Pandit Shivkumar Sharma, the man who made santoor classical, is remembered.

Hindustani music enthusiasts harbor profound prejudices that cause us to draw irrelevant comparisons between genres, styles, styles, styles . Despite a dogma that treats tradition as an unchanging and monolithic unit, it has evolved as a result of the creative urge of many path-breakers, writes Ashamed Khan .

The study of science is brimming with examples of experiments that have shaped its course.In the fields of performance theory, pedagogy, dissemination, and many other fields, these experiments have been conducted.There is also evidence that experiments in music were not always encouraged and, in some cases, even mocked when they were successful.Many Hindustani music enthusiasts who pride themselves on their diverse repertoires and the diversity of genres, styles, styles, are actually harboring profound prejudices that cause us to draw irrelevant comparisons between these elements: Dhrupad against Khayal, Dhrupad and Khayal against Thumri, rudra veena and surbahar against sitar and santoor, all melodic instruments against percussion instruments, etc.The list goes on.

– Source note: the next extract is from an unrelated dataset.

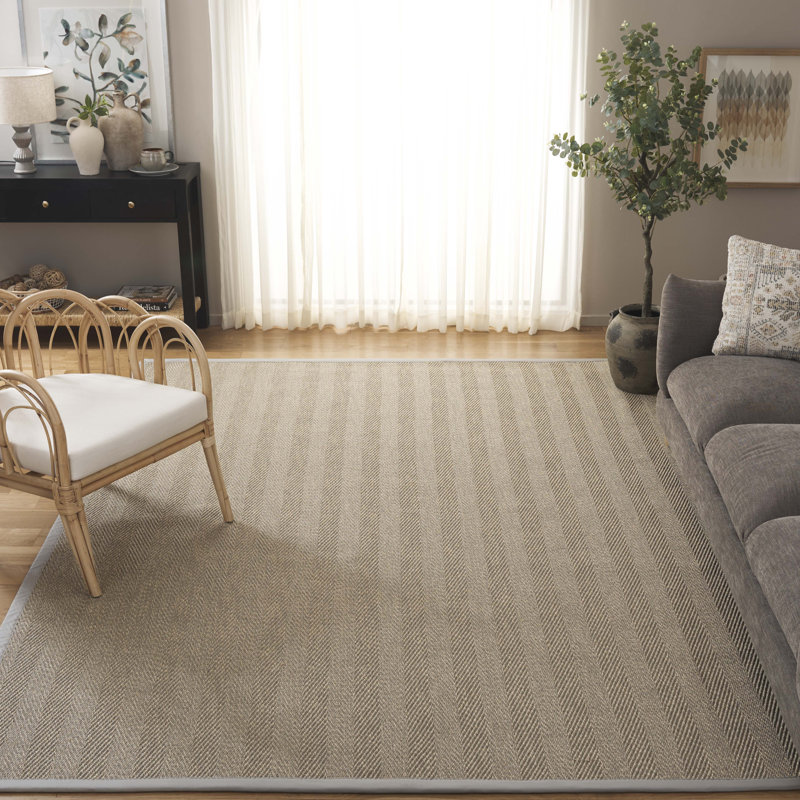 Napa Faux Sisal 101 Area Indoor/Outdoor Area Rug In Natural / Ivory, Rectangle 8' x 10'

Among them was a man who faced obstacles in his attempts to use the santoor as a solo recital instrument at a time when the sitar and the sarod reigned supreme.He addressed these challenges with ferocious determination, and santoor has acclaim in the instrument pantheon thanks to his persistent efforts.I had the pleasure of not only accompanying the maestro in performances and recordings, but also speaking to him in person on several occasions.In these and other interviews, he has narrated several stories about the uphill battle he faced and the determination he displayed.

Instead, he believed that his music would be proof of his achievements.Born in Jammu, he was not part of a clan of musicians.Pandit Santramji, his grandfather, was the raj purohit (chief priest) for the Maharaja of Kashmir's private temple.His uncle Pandit Umadutt started playing music in the family, a versatile musician who had studied tabla from Ustad Harnam Singh and vocal music from Varanasi's Bade Ramdasji.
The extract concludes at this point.